CDM, described as a dynamic approach to fortifying the cybersecurity of government networks and systems, is meant to provide accessible solutions for agencies. Though DHS’s work is a move in the right direction, CDM alone leaves room for risk. What areas must be addressed to keep government’s mission critical data safe?
Active directory (AD) is a largely overlooked piece of the cybersecurity puzzle. Every federal civilian and defense agency relies on access granted or denied by AD, and unfortunately, AD accounts are popular targets for bad actors. While CDM addresses areas of authentication, such as PIV login, it only touches the surface of a consideration that could be the difference between safeguarded government data and a hack the magnitude of OPM or greater.

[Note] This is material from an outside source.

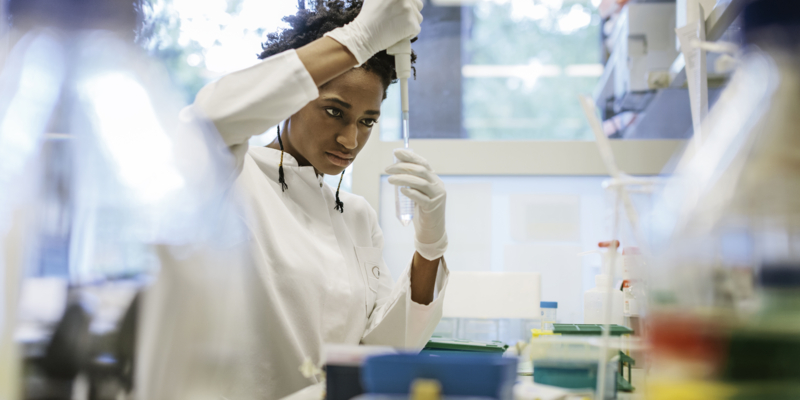 A black female scientist is pipetting in a laboratory. She's holding a pipette in one hand and a small flask in the other one, while wearing white gloves.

This is where identity and access management (IAM) can go beyond the basics to fill existing gaps and meet security challenges government agencies are facing. There are three key areas of IAM CDM is missing that can help create a safe environment in government and transition security into a mission enabler:
Eliminate excessive access
Employees regularly move from one role to the next within a government agency. Though this is common practice agencies miss an important step in this process, leaving employees with access to systems and information needed in their prior roles, plus their newly granted rights. This creates vulnerability, especially in AD environments.

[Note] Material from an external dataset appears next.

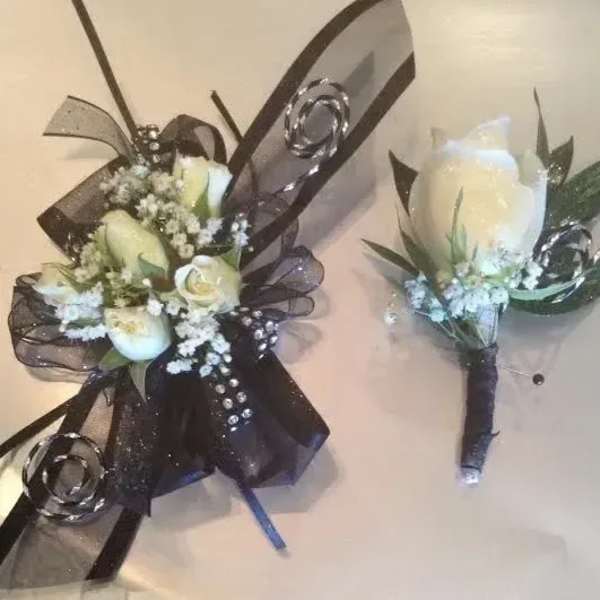 White rose corsage and boutonniere with black ribbon, rhinestones, and small white filler flowers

When regular users have more access than necessary, bad actors don’t need to target a top-level administrator to view sensitive information. There is often less weight behind security and monitoring of these accounts, potentially providing an easy in to obtain data unnoticed. The resolution to this challenge doesn’t need to be complicated. Agencies need a streamlined approach to remove unnecessary privileges from users whose needs have changed.

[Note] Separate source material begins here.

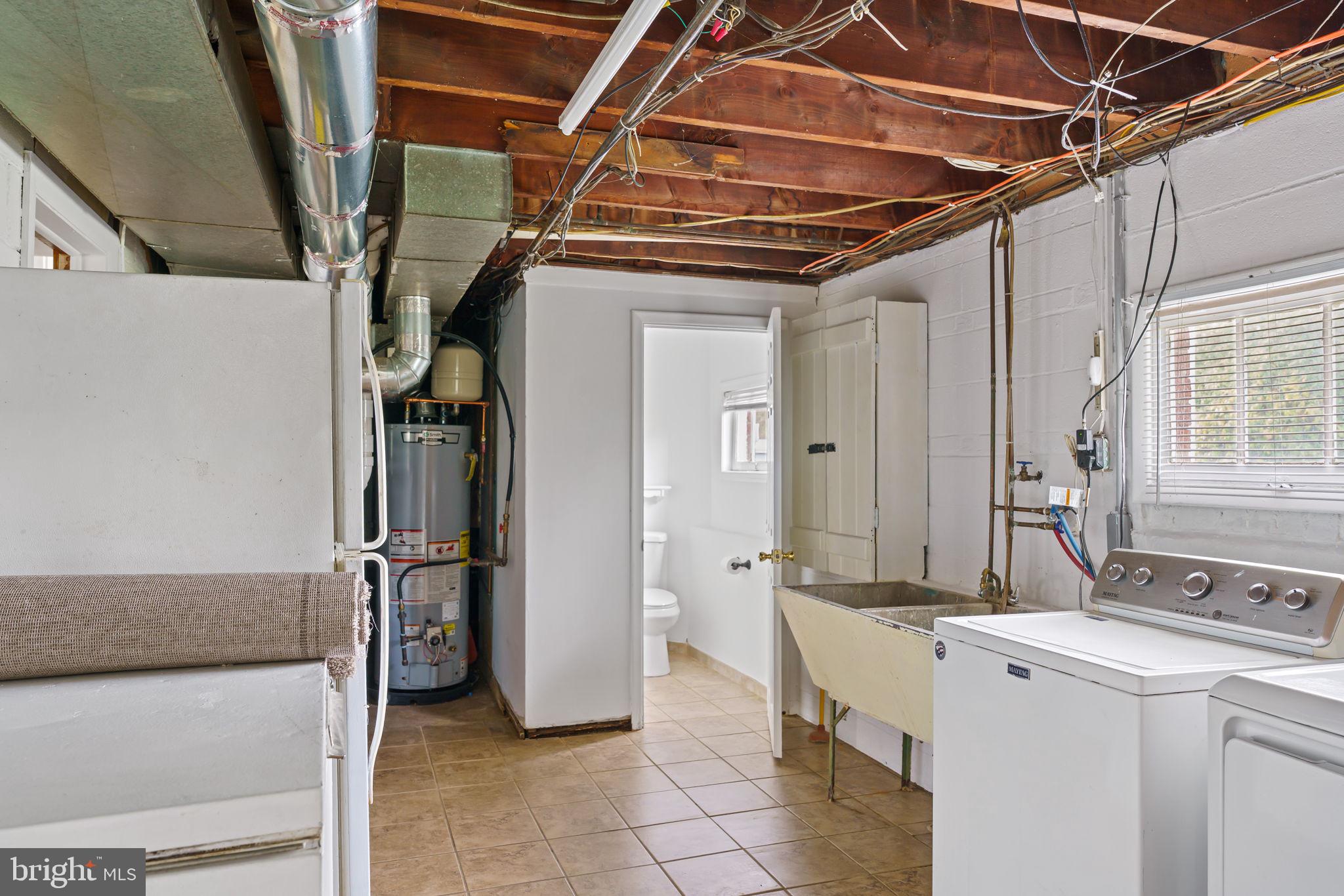 931 Jones Road Conshohocken, PA 19428 - Photo 57 of 66 Laundry Room with View to Half Bathroom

In AD a least-privileged model can be implemented, meaning individuals can view the resources they need to do their job and nothing more. At the same time, security needs to be much more than the practice of denial and restriction. Temporary rights can be granted when users need sensitive data. To maintain security, it’s possible to control access time and what actions can be taken, in turn limiting bad actors as well as qualified users.
Remove unnecessary accounts
While some current users may have more access than is necessary, in some cases entire unused accounts exist within federal agencies. These may belong to employees who have left the agency, and as a result are not regularly monitored. This makes them easy targets for those with malicious intent, who can break in and do undetected damage.
From a security perspective, it is important agencies consider solutions that automatically disable inactive accounts after a set number of days. Flexible solutions will allow agencies to tailor policies to their organization’s requirements. This doesn’t mean the user information will disappear. Records are still available allowing agencies to meet forensics or compliance needs.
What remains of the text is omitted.